The May 5, 1958 edition of Arthur Radebaugh’s Sunday comic, Closer Than We Think, showed off the high-tech school of tomorrow. Source:

In her paper, ‘Massiveness + Openness = New Literacies of Participation’, Bonnie Stewart (2013) proposes that:

even if many models of MOOC reflect attempts by elite gatekeeping institutions and corporate interests to maintain control, market dominance, and the right to determine what counts as knowledge (Stewart, 2012), MOOCs may none the less serve as a Trojan horse for the sociocultural development of participatory perspectives and literacies (p. 229).

Stewart’s point is that even if a MOOC (or xMOOC) holds a view of scale that emphasizes return on investment through the number of course completers and privileges notions of information delivery/transmission over communication (p. 231), if there is a capacity for networking through some kind of chat system with user profiles, users can generate their own networks which enable and foster the development of participatory cultures with the ethos of new literacies (p. 229). For Stewart, it is this ability for learners to take control over their own learning, and to be involved as producers of knowledge within MOOCs (or indeed, through any networked learning) which makes digital education potentially transformational. Community culture is key, with the Internet viewed ‘not as a technology but as a medium of human engagement’ (p. 231).

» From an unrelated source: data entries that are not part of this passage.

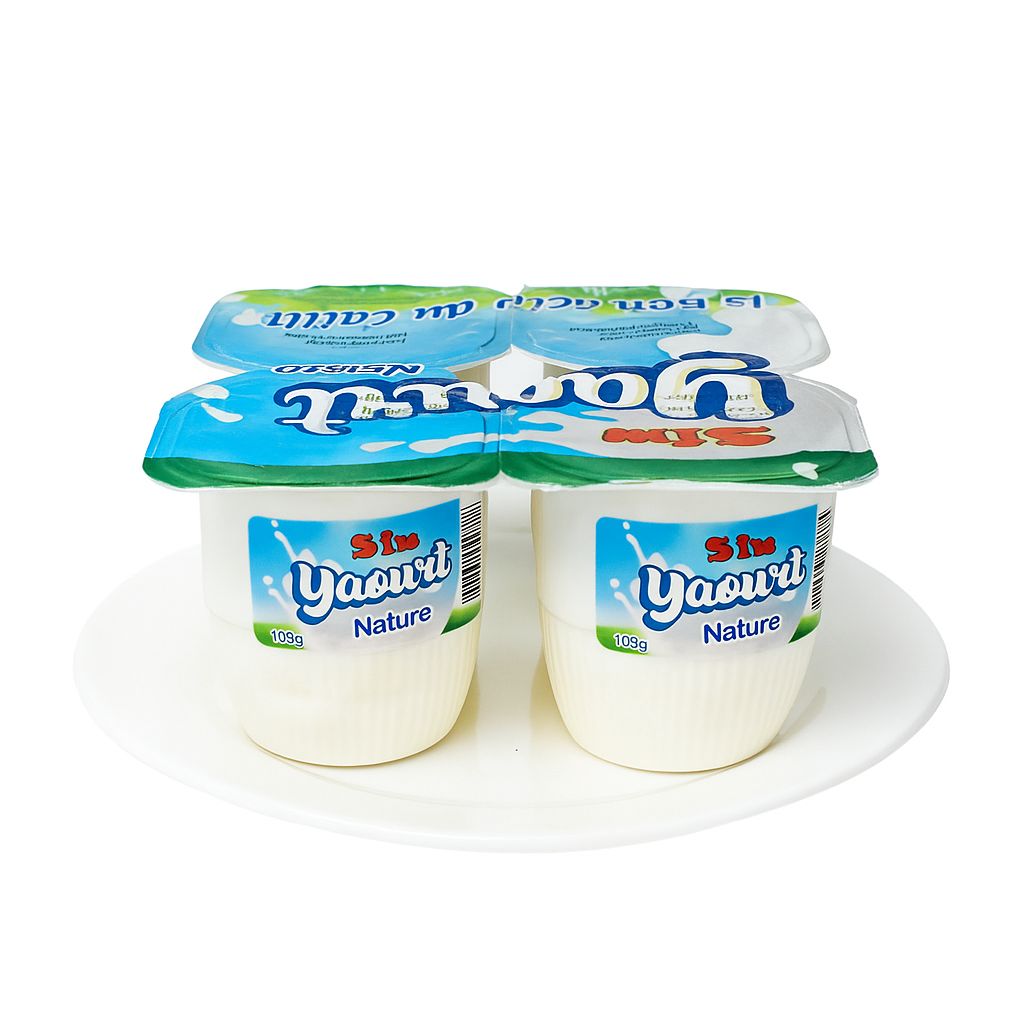 SIM-Yaourt nature 100G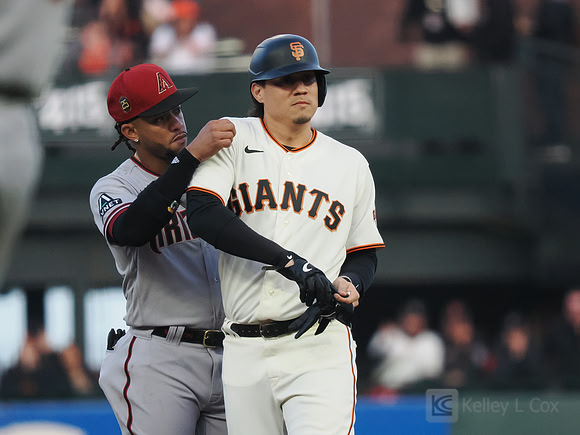 MLB: Arizona Diamondbacks at San Francisco Giants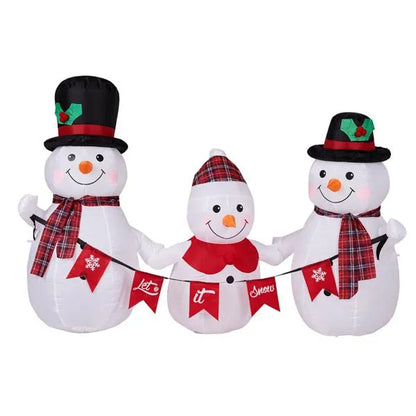 6.2FT Lighted Christmas Inflatable Decoration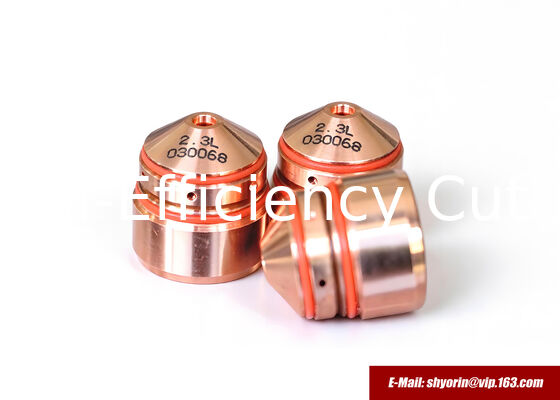 China APK030068 2.3L Nozzle For Koike Super 400 Plasma Consumables. supplier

It’s noteworthy that this participatory, community driven culture is absent from the 1958 prediction, and continues to be absent in many technology driven education ‘solutions’ marketed commercially. However, it the idea that access to participatory culture (Jenkins, 2006) is the opportunity offered to education through technology also raises some questions for me. Stewart suggests that MOOCs can help to proliferate the ethos of new literacies by exposing learners to participatory learning (p. 232) – which I don’t doubt – but how are these new literacies developed? Merely through exposure and practice? Learning involves both practice and reflection (see, for example, Downes, 2017 in Connectivism and Learning MOOC), and without an awareness of what it means to be literate (i.e. new literacies literate), I wonder how this reflection is fostered.

It could be that in this thinking I am just trapped in a cycle of thinking about literacies as threshold-based skills which need to be developed rather than as social practices (Stewart addresses this on p. 232 of the same paper), but I worry that more than exposure to new literacy practices such as generating, remixing and repurposing knowledge (new and existing) is required to create the condition of (new) literacy. Perhaps my fears are unfounded, and such literacies develop through acculturation into social practices.. but nonetheless such fears bear thinking about.





Lifestream, Tweets

More on the ethics of netnography. In this slide presentation, Kozinets highlights the difficulty of separating text and data from the person who generated it and asserts that, therefore, online research has to be considered research of human subjects rather than research of social space, and relevant ethical standards applied. Such considerations include attending to the possibility of ‘decloaking’ or ‘cracking’ anonymised data.

In conversation with my brother, who works in digital health research, over the last week, he suggested that a core problem is that many of the people involved in collecting data are unaware of how to crack anonymised data, and therefore underestimate the risk of this. Protecting privacy is complicated.